_Exercise input_.
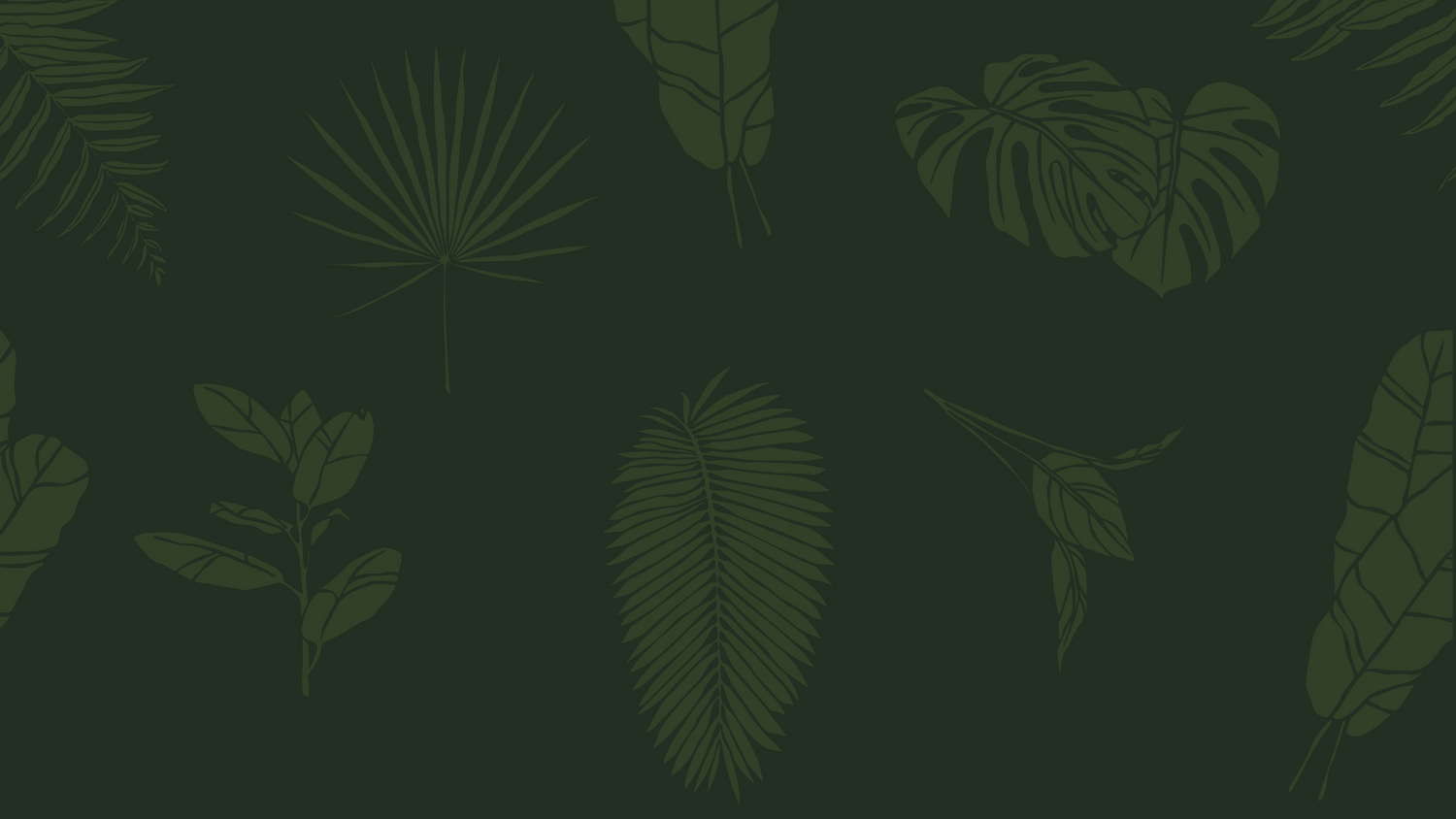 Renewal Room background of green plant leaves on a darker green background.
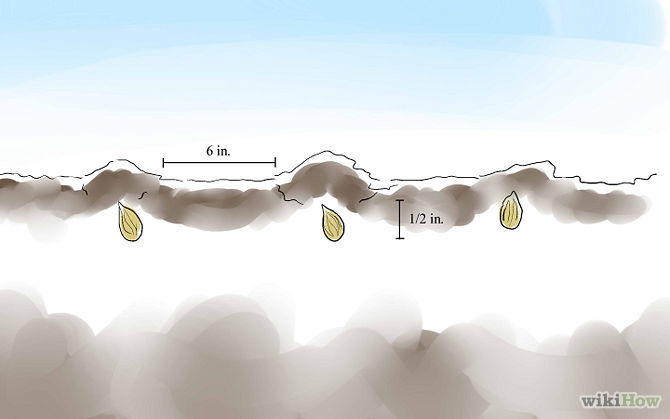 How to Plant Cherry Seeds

* * *

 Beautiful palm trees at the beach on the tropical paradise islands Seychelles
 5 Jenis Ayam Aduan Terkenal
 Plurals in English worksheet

_Problem details_. In the listing above, find the line with "Renewal Room background" and the line with "How to Plant Cherry Seeds". Copy both of them and every line between, exactly, but not the pictures.

_Exercise answer_.
 Renewal Room background of green plant leaves on a darker green background.
 How to Plant Cherry Seeds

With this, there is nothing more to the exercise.